• SUPPLIED MATERIAL
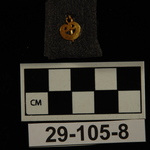 196531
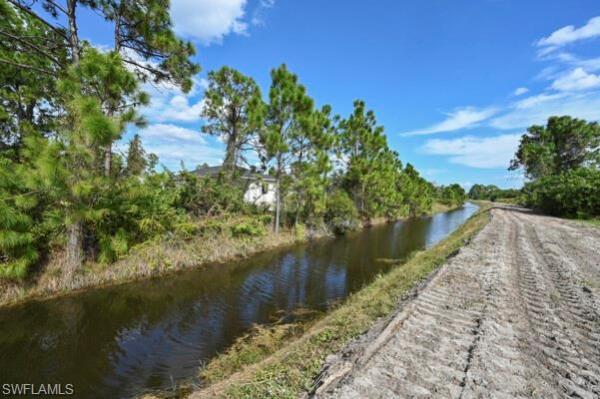 Lehigh Acres Residential, 723 E Newell St, Lehigh Acres, Florida 33974, image 2
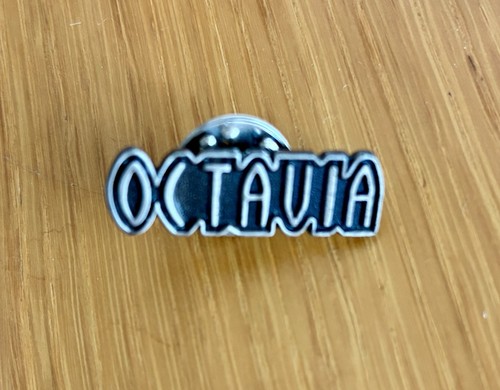 Skoda octavia official dealer - official,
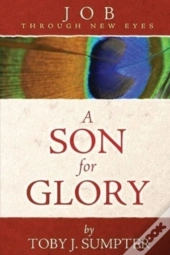 A Son For Glory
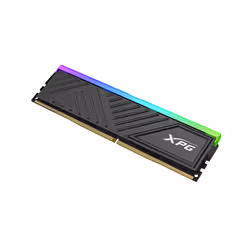 ADATA SPECTRIX D35G module de mémoire 64 Go 2 x 32 Go DDR4 3200 MHz - Vue supplémentaire 4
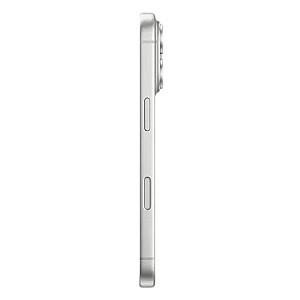 Telefon mobil Apple iPhone 17 Pro 12/256GB Silver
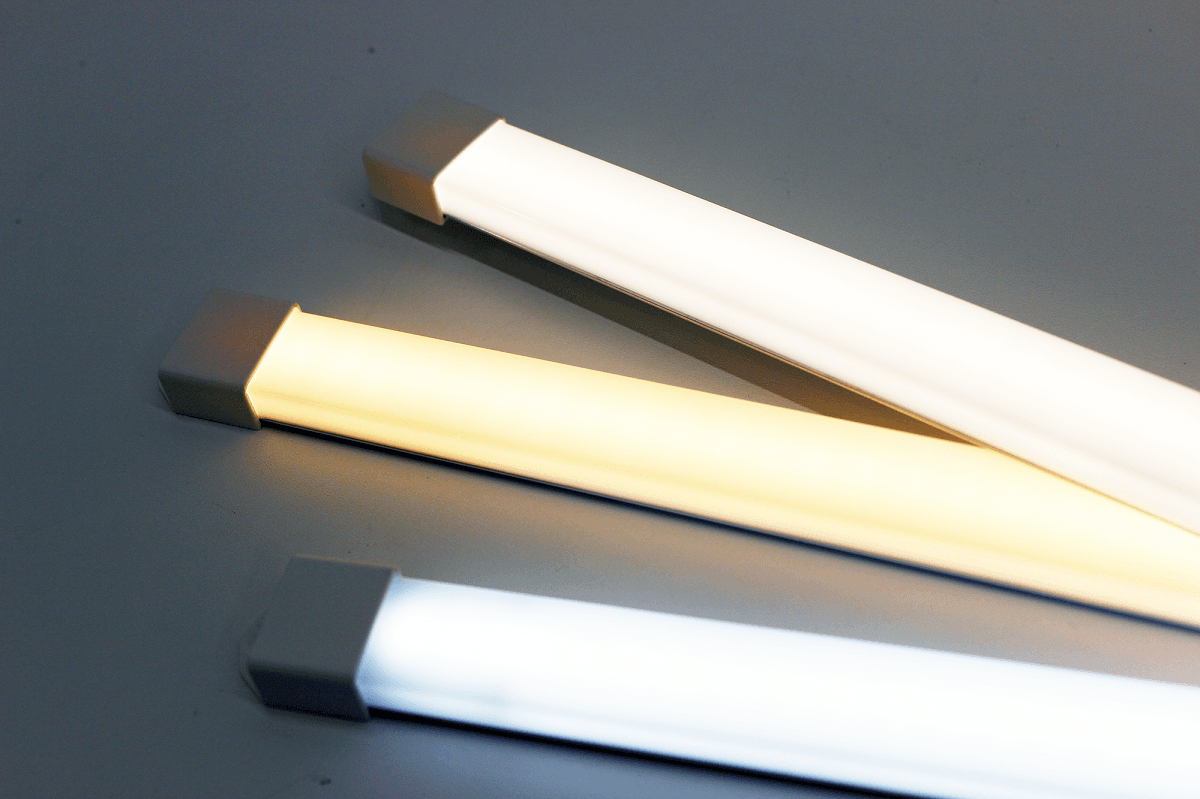 DIY Radiant Edge Short End Caps – $1.00 - thumbnail 3
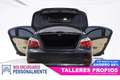 BMW Active Hybrid 5 D 3.0 235CV AUTO 4P # BIXENON, PARKTRONIC Noir - thumbnail 15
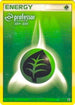 Grass Energy (2004-2005) (104) [Professor Program Promos] - Promo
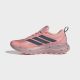 ADIDAS Patike runfalcon 6 atr w W - IH1835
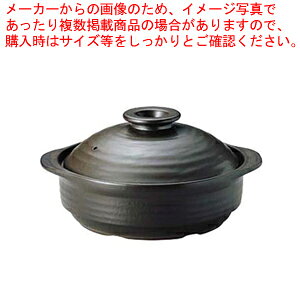 IHT[}ebNy ubN 9 ME097yp y IHΉ y   ƖpzyC`[z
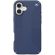 Speck Presidio2 Grip за Apple iPhone 16 Plus, син на супер цени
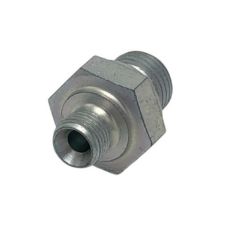 bsp and metric adapters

• PROBLEM DETAILS
Transcribe the records above exactly as they appear, leaving out any pictures.

• COMPLETED TASK
 196531
 Lehigh Acres Residential, 723 E Newell St, Lehigh Acres, Florida 33974, image 2
 Skoda octavia official dealer - official,
 A Son For Glory
 ADATA SPECTRIX D35G module de mémoire 64 Go 2 x 32 Go DDR4 3200 MHz - Vue supplémentaire 4
 Telefon mobil Apple iPhone 17 Pro 12/256GB Silver
 DIY Radiant Edge Short End Caps – $1.00 - thumbnail 3
 BMW Active Hybrid 5 D 3.0 235CV AUTO 4P # BIXENON, PARKTRONIC Noir - thumbnail 15
 Grass Energy (2004-2005) (104) [Professor Program Promos] - Promo
 ADIDAS Patike runfalcon 6 atr w W - IH1835
 IHT[}ebNy ubN 9 ME097yp y IHΉ y   ƖpzyC`[z
 Speck Presidio2 Grip за Apple iPhone 16 Plus, син на супер цени
 bsp and metric adapters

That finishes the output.